What to work on
Please reproduce all of the listing below exactly and drop its images.

-------- Provided material

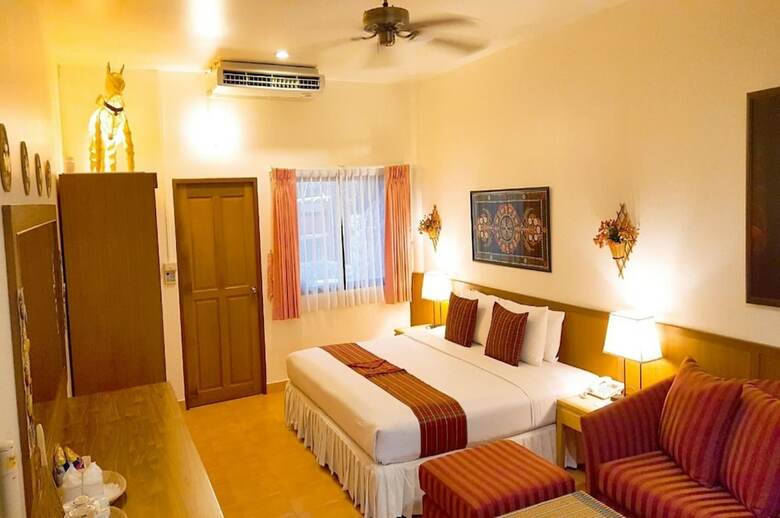 Hotel Birds And Bees Resort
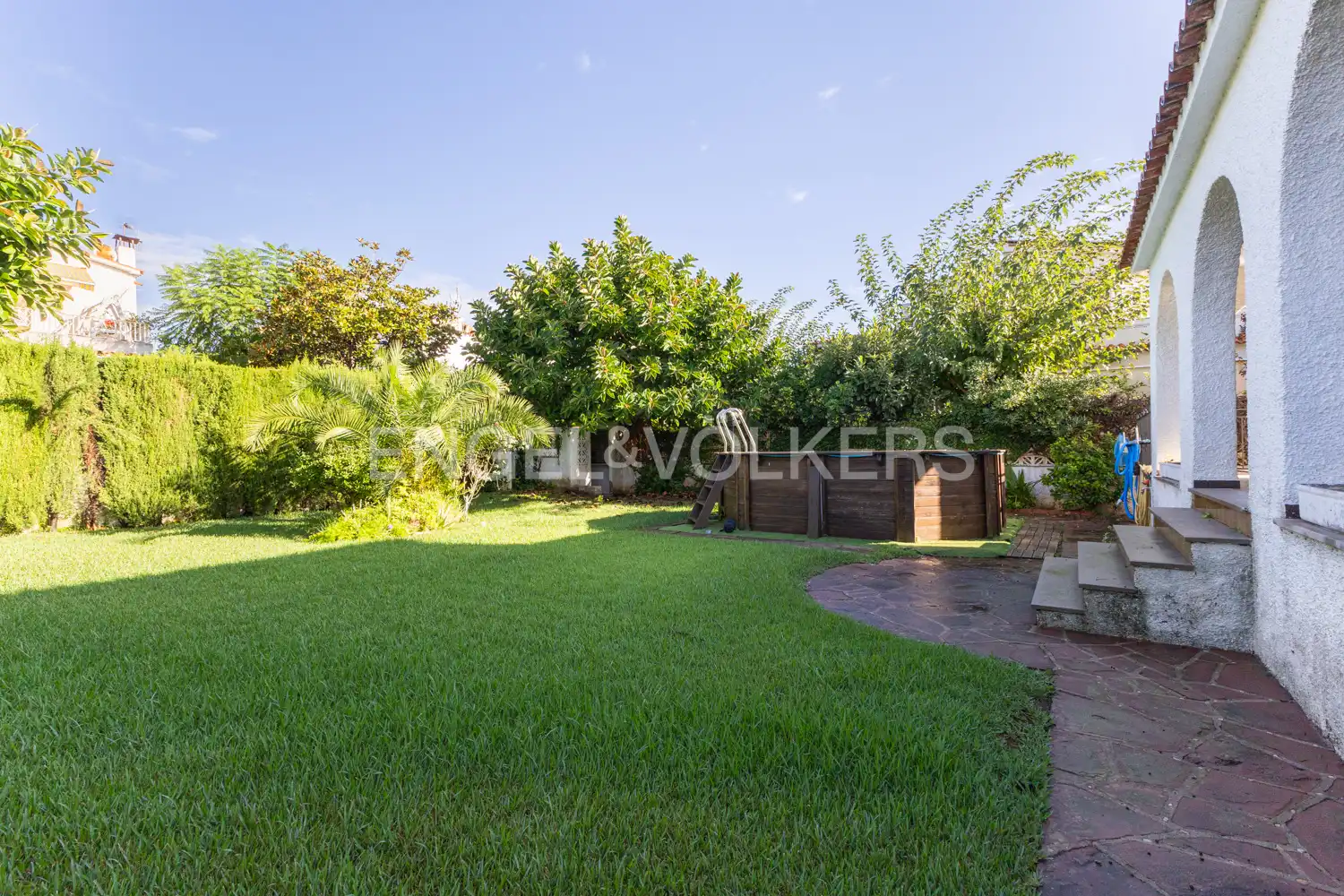 Jardín de Casa o chalet en venta en Benicasim / Benicàssim con Aire acondicionado, Calefacción y Jardín privado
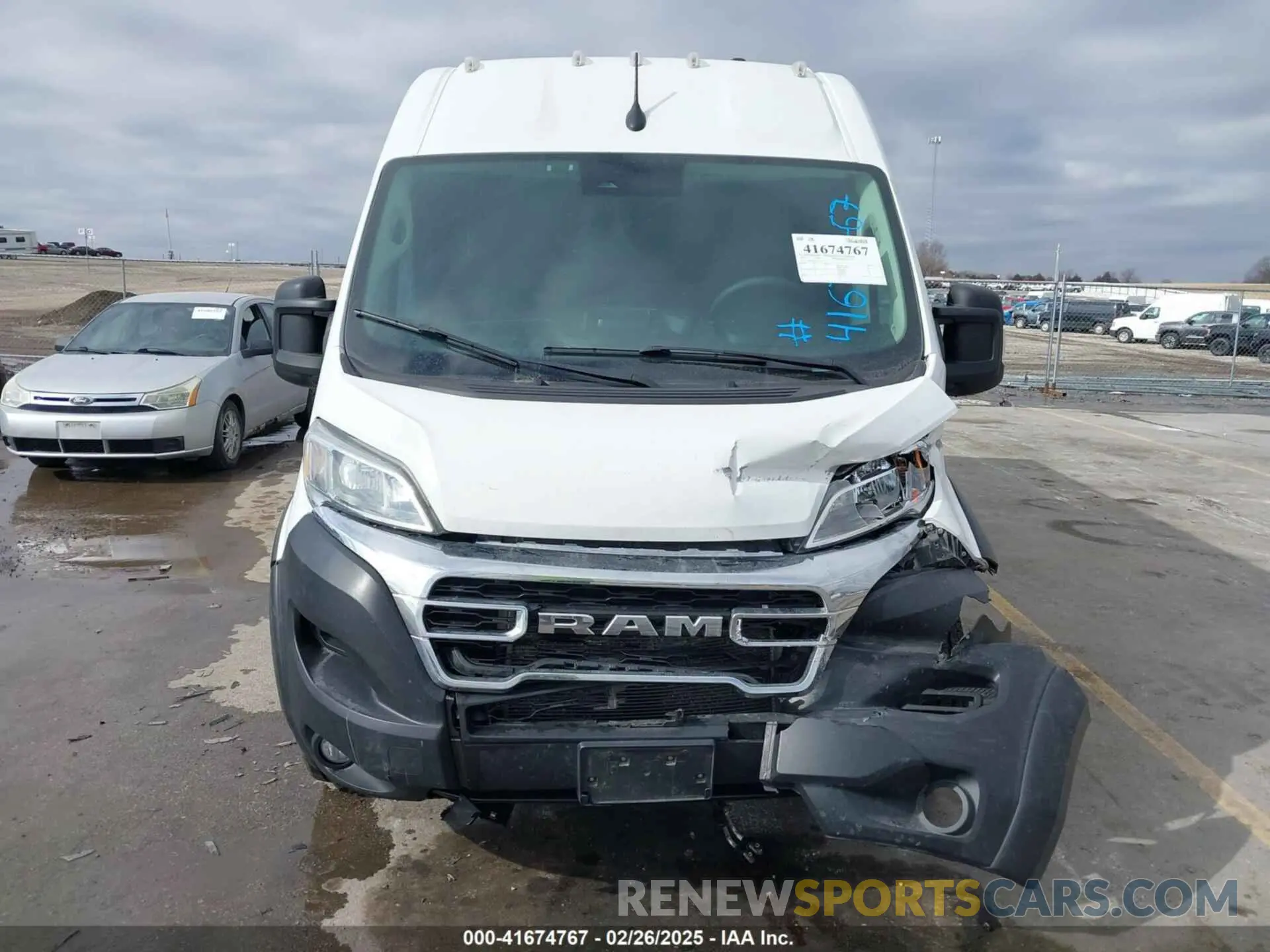 6 Photograph of a damaged car 3C6MRVJG3PE530178 RAM PROMASTER 3500 2023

----------------

Task response
 Hotel Birds And Bees Resort
 Jardín de Casa o chalet en venta en Benicasim / Benicàssim con Aire acondicionado, Calefacción y Jardín privado
 6 Photograph of a damaged car 3C6MRVJG3PE530178 RAM PROMASTER 3500 2023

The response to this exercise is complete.